# What to produce
Print every line below that comes at or after the line containing "this 801×600 image.", exactly as written.
Top of Extracted information
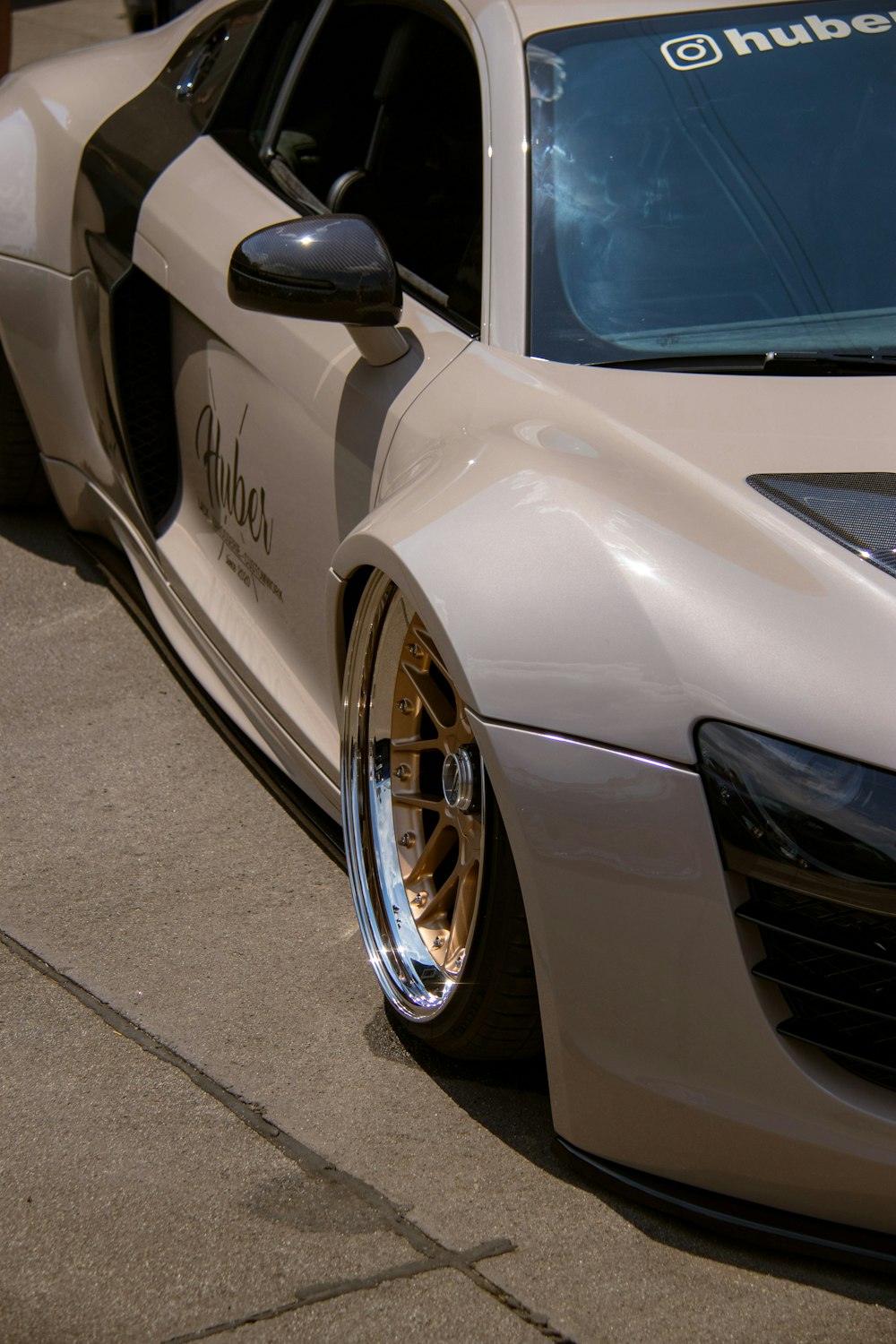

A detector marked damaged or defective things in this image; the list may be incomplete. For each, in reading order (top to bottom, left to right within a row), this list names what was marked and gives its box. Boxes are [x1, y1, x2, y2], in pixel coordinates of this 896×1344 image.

pavement crack [0, 930, 577, 1344]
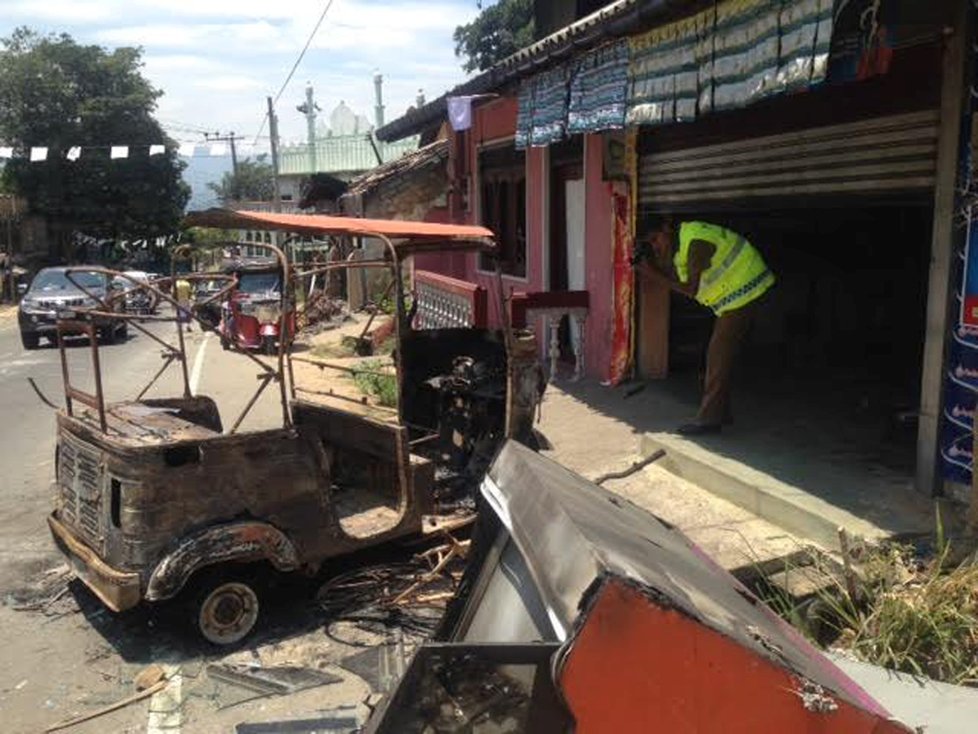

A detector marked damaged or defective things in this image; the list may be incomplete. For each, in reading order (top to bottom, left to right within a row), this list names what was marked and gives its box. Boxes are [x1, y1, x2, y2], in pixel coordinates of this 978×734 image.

burned tuk-tuk [43, 211, 540, 644]
burnt wreckage [43, 210, 540, 648]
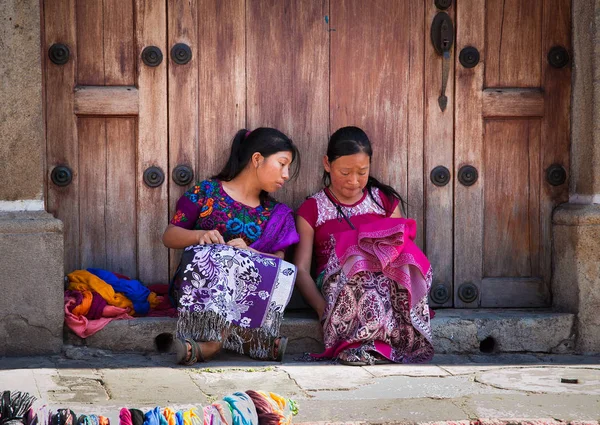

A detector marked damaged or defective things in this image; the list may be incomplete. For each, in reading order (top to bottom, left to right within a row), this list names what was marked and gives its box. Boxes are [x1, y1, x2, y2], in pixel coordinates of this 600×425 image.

cracked pavement [0, 348, 596, 424]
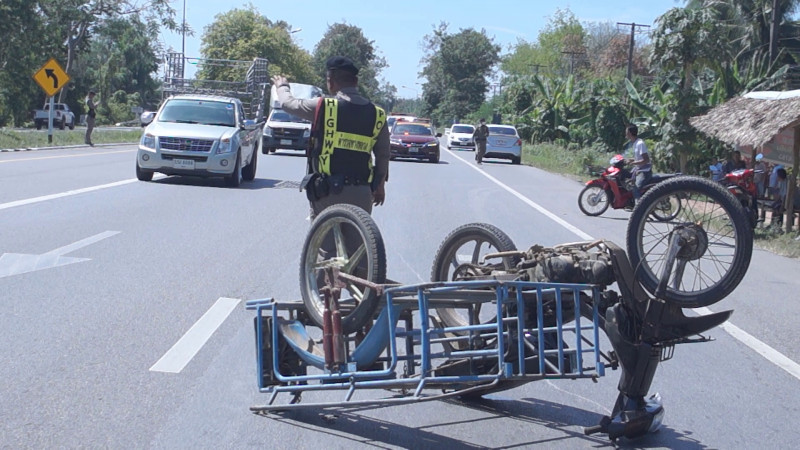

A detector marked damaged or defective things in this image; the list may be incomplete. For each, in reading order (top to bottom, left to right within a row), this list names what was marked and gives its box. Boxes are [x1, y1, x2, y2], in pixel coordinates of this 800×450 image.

overturned motorcycle [247, 177, 752, 442]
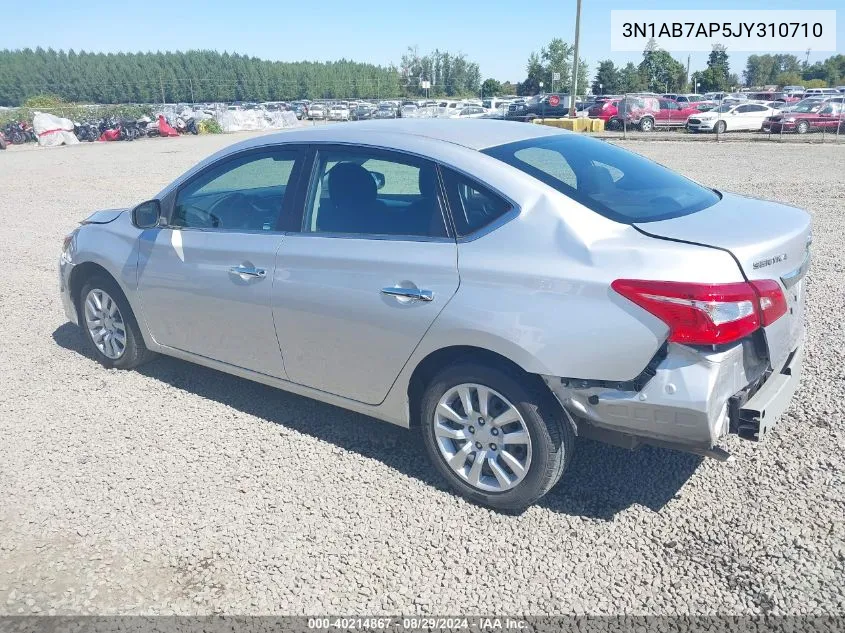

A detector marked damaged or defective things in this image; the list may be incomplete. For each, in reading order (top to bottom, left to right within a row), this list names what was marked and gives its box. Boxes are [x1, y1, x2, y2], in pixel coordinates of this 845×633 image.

dent on rear quarter panel [426, 191, 740, 380]
damaged rear bumper [544, 334, 800, 452]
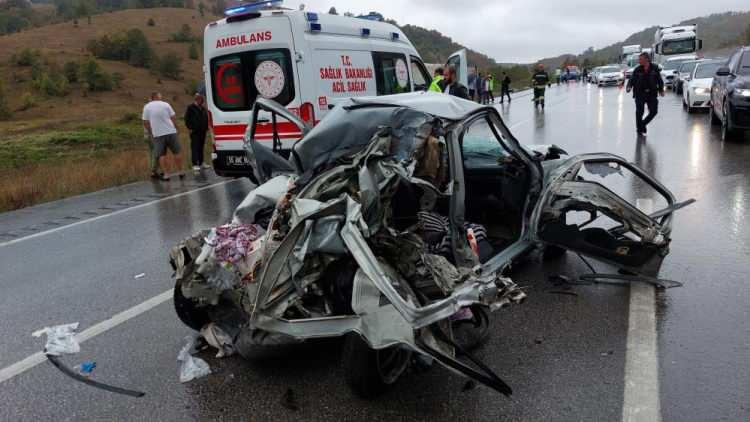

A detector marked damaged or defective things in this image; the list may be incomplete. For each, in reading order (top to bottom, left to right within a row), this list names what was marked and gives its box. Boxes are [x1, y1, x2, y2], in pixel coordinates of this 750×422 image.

severely crushed car [170, 91, 692, 396]
torn car door [536, 155, 692, 276]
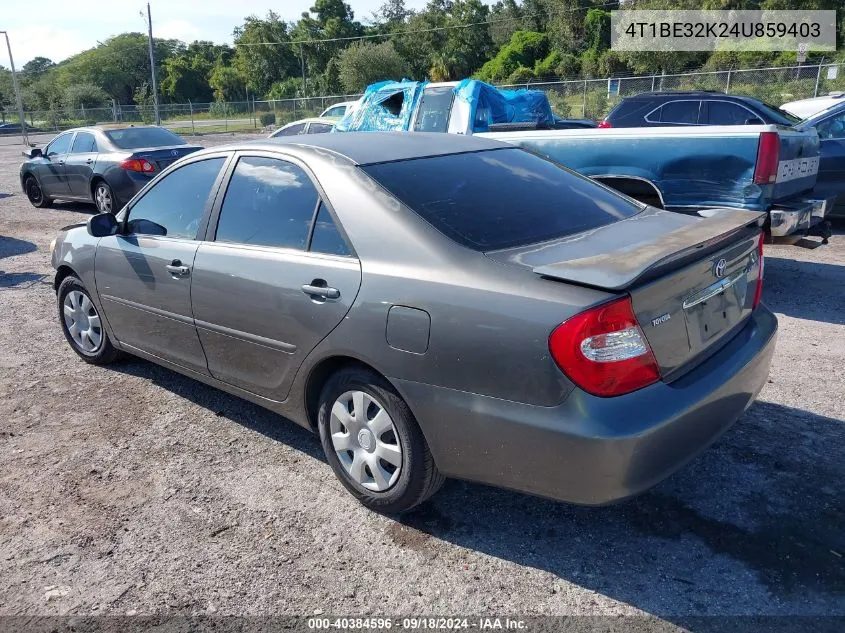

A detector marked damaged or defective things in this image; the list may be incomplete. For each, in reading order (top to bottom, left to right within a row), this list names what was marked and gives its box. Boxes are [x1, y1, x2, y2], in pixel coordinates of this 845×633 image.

damaged vehicle [51, 133, 780, 512]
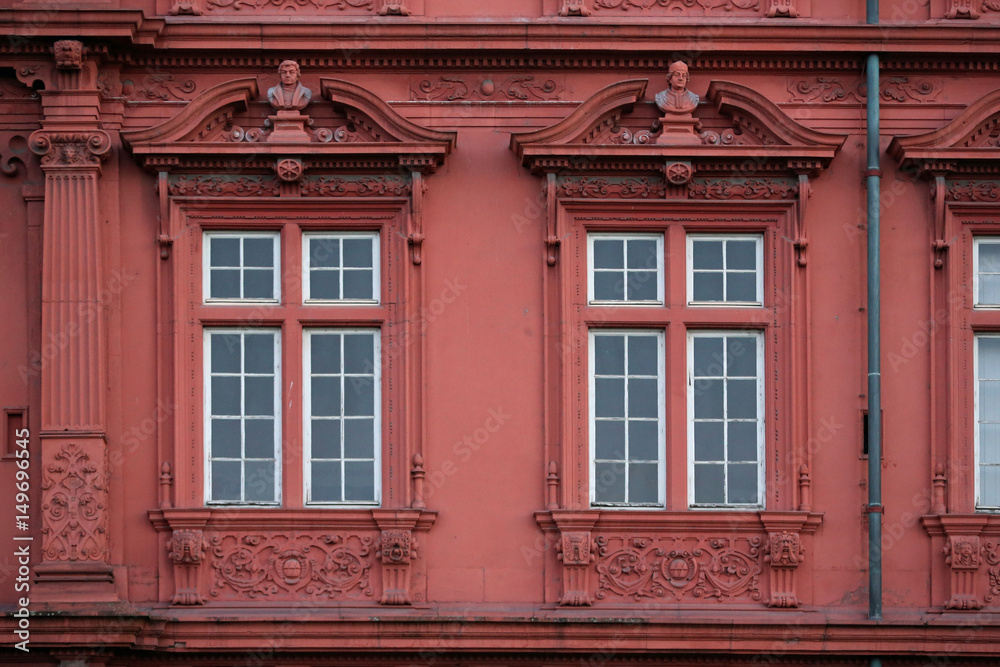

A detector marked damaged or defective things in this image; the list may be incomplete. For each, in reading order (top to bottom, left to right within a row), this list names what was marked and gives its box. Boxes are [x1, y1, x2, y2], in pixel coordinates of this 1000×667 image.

curved broken pediment [120, 75, 458, 175]
curved broken pediment [512, 78, 848, 176]
curved broken pediment [896, 90, 1000, 176]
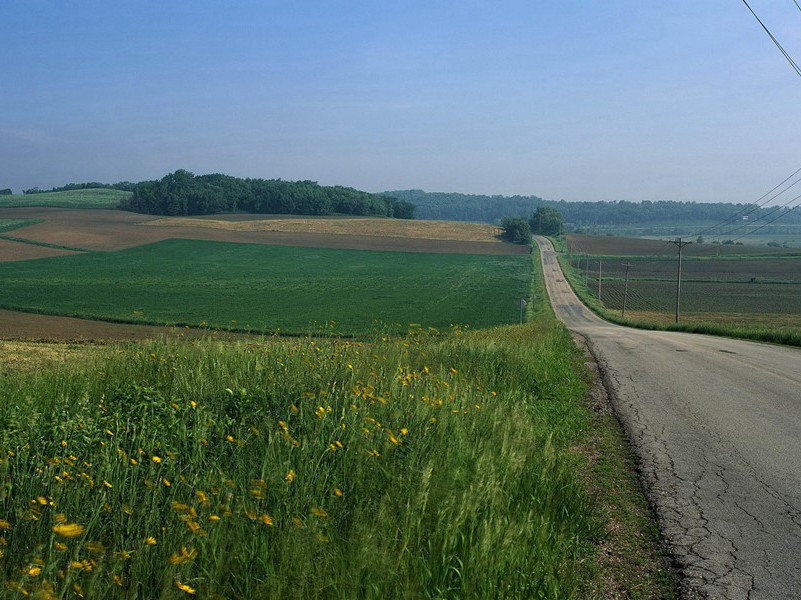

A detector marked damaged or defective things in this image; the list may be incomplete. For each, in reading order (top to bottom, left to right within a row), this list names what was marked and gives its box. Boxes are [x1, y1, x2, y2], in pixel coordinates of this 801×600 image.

cracked asphalt [532, 237, 800, 596]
Bottom of Extracted information
# Solved problem
A detector marked damaged or defective things in this image; the list may be incomplete. For each, in reading order (top to bottom, left to right within a row), this list names what was marked and gives its box. Boxes are [x1, y1, x2, y2], in pixel coordinates of this 801×600 image.

cracked asphalt [532, 237, 800, 596]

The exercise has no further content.